[DATA FOR ANALYSIS Boundary: Start]

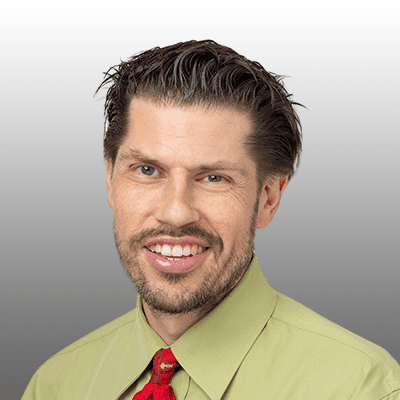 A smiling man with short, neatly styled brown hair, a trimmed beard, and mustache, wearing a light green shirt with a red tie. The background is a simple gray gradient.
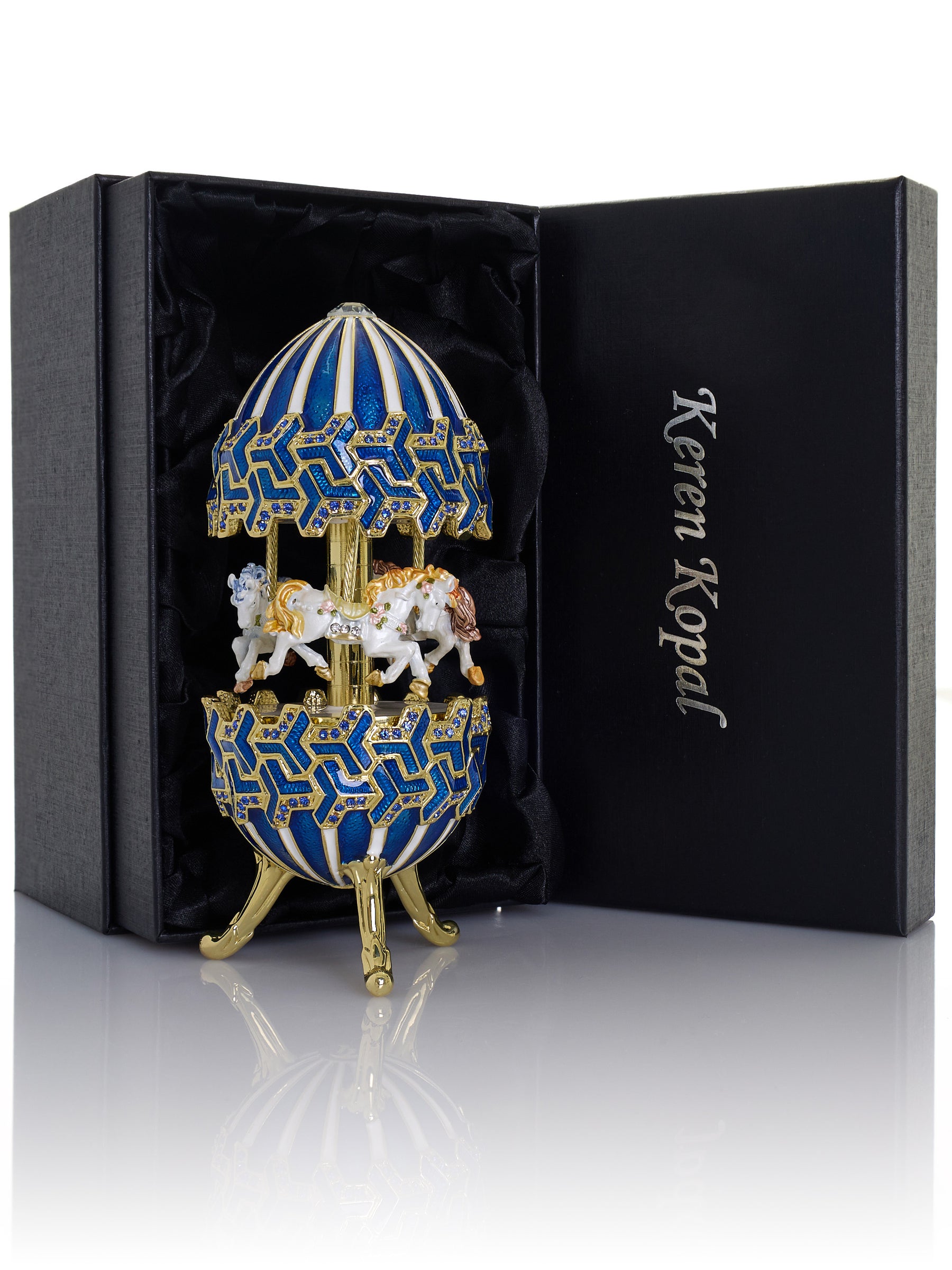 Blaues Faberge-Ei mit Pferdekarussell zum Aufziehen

[DATA FOR ANALYSIS Boundary: End]
[DATA FOR ANALYSIS Boundary: Start]

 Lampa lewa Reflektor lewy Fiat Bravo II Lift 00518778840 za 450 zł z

[DATA FOR ANALYSIS Boundary: End]

Starting with the line above that holds "A smiling man", restate each line word for word up to and including the line that holds "Blaues Faberge-Ei mit". Drop the pictures.

THE COMPLETED TASK:
 A smiling man with short, neatly styled brown hair, a trimmed beard, and mustache, wearing a light green shirt with a red tie. The background is a simple gray gradient.
 Blaues Faberge-Ei mit Pferdekarussell zum Aufziehen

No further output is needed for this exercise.